Ходули Коле были хорошо знакомы. Ему почему-то не захотелось на самом деле ходить на ходулях по школе. И он согласился на размер больше.

― Я в них пойду до дома. Пусть нога привыкает.

В отделе одежды Коля обратил внимание на висевшую школьную форму, ему хотелось, чтобы у него она была бы необычная, непохожая на форму ребят из его класса. Он стоял и растерянно смотрел на прилавок с выложенной формой в надежде выбрать самую красивую, временами бросал взгляд на свои новые чёрные ботинки. Но выбор одежды был однообразный и небольшой. В примерочной Коля быстро натянул брюки. Оказалось, что длина брюк скрывала шнурки и новенькие ботинки.

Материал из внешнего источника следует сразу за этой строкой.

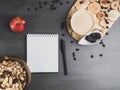 Coffee break in the workplace. White cup of coffee, apple, mix of nuts in wooden bowl, notepad, pen on grey background, top view Royalty Free Stock Photo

― А так и запнуться можно, ― посмотрев на мать, произнёс Коля.

Но другого размера брюк не нашлось. Пришлось брать, какой есть. «Сгодятся на вырост», ― решил он.

Потом только матери пришлось подшивать брюки. Зато утюжить их пришлось уже ему самому. От утюга стрелки у брюк упрямо не хотели заглаживаться и почему-то получались двойные, словно кто-то невзначай проложил по ним лыжный след. Хотя и зима была не за горами, но о ней он как-то и не думал. А впрочем, новенькая школьная форма пришлась впору. Подросший за лето Коля в ней выглядел повзрослевшим.

Первого сентября все ребята явились в школу нарядными. Особого внимания к себе Коля не заметил. Зато его гордостью было летнее задание, выпиленное из фанеры лобзиком ― «Как я провёл лето». Оно напоминало картину художника Ивана Шишкина «Утро в сосновом бору». Правда, у Коли рисунок на фанерке был только с одним маленьким медвежонком, очень похожим на пухлячка Васю из 3 Б класса.


Необычный случай

Наблюдая за работой отца, Кеша, младший брат Кольки, часто восхищался его сноровкой. В отцовских руках спорилась любая работа, когда он ловко орудовал ножовкой или топором. Тогда от распиленных досок и расколотых чурок исходил необычный запах стружек и опилок. Кеша глубоко вдыхал эти запахи грудью. Они проникали куда-то далеко внутрь, отчего в голове возникали воспоминания летнего леса после сильной грозы. Деревья с надломленными ветром стволами, низко склонившими к земле свои ветви, испуская похожие запахи. На лесные поляны отец часто брал с собой Кешу, когда подходило время покоса, заготовки сена на корм для домашних животных. Кеша наблюдал за привычным движением рук отца, когда, держа в руках серый оселок, похожий на зачерствевшую горбушку чёрного хлеба, он со звенящим звуком водил им по стальному изогнутому полумесяцем обушку косы, придавая ей необычную остроту. Сонный лес наполнялся звоном металла, мелодией кузнечиков. Эти звуки растворялись среди цветущей травы, ещё не потревоженной косарем.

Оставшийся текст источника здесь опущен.